It might be worth it to go with the Morrell versus the effort to make your own. I would also suggest safety measures AROUND your primary target in case of a complete miss, especially if you decide to shoot outside in the ally. You can NEVER say that you'll never miss such a big target, there might be an equipment issue that will cause an errant arrow, an accidental slip, I've even heard of someone that got stung by a bee just as he was releasing. This is most important, and I can't stress this enough. SAFETY FIRST!

Les


----------



## FrayAdjacent (Oct 20, 2008)

That Bulldog Range Dog setup looks nice... There are a lot of undeveloped lots in my neighborhood currently... I could set that up out there and shoot at pretty much any distance I wanted to. Or I could stand it up in my garage and shoot into the garage like Kai Ju does.


----------



## Zed (Nov 22, 2008)

I have a block 4x4 that has taken a beating on almost all sides from broadheads and field tips. great target! 
I am considering getting a couple of bag targets for general practice.


----------



## limbwalker (Sep 26, 2003)

I made my own targets from the time I was about 8 until American Whitetail generously began supplying them for me in 2004. Doubt I've made my last one however. You can take the boy out from under the tree, but you can't take the shade-tree out of the boy so to speak  .

Anyway, the best "homemade" target I ever used was actually a bag target that I bought (just the bag) from Three Rivers Archery (a traditional supplier - check their website). I think it's called a "U-Stuff it" or something like that, and you just do as the name implies - stuff it with whatever material you can find that stops an arrow. Recycled grocery sacks are what I used, but those don't work real well for small diamever carbon arrows. You can use old blankets, or sheets of plastic, or towels, or old kid's clothing, etc.

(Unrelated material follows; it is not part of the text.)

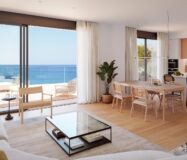 Нові будинки біля моря у Вільяхойосі, 1-3 спальні, тераси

Basically, for less than $20, you can get a huge bag target (I learned to shoot 70 and 90 meters on mine years ago) that really lasts a long time. And it comes with a replaceable center you can stitch back in when the original wears out.

I've also found other inexpensive bag targets for under $40 all over the place. Bag's are the way to go for affordability IMO. And the arrows pull real easy, which is a plus. 

I had a bag target of some kind set up in the corner of my garage for years so I could blank bale in the evenings before I went to bed. Only way to go if you seriously want to train. So for close quarters work, a good bag target is indespensible. 

But for long distance, you'd have to shoot me to get my 52" whitetail mat 

John.


----------



## Greg Bouras (Nov 17, 2006)

My outdoor butt is a second hand Saunders matt that our club was going to throw out.

I re-stuffed the worn out center and stitched in a patch on both sided. The patch material I used was the backing from a NG folding lawn chair. The material is a tight fiber mesh. That was 3 years ago.

I cover the target every fall with plastic to keep it out of the weather over the winter months.

I could not believe it but the patch is still in perfect condition after 3 years of shooting, and I have shot many thousand arrows into it.

I have another OK condition lawn chair in the garage. I would hate to see it go to waste being reclined in. The next bag target I make will have the netting from the lawn chair as a cover.

I don't think I will ever be able to wear out the repaired Saunders matt.

I shoot a big block target in the basement that I bought from a store going out of business 6 years ago. I have it lying horizontal to help prolong the life. That target has many, many thousand arrows shot into it. I switched sides last year. By shooting just black dots made from shot up NFAA Hunter targets and moving the dot around over the whole target face I will be able to shoot that target for years to come.

I have an infinity bag target that was originally stuffed with rags. Repaired as needed with a roll of ground cover netting from the local lawn and garden store. I have had this target for almost 10 years.

All the targets are shot with recurve or low poundage compound and I always have room for another archer or archers to shoot on a minutes notice!


----------



## WetPaint (Sep 2, 2008)

Wow, thanks for all the responses and ideas. Really much appreciated and hopefully other budding archers here will find the information useful as well.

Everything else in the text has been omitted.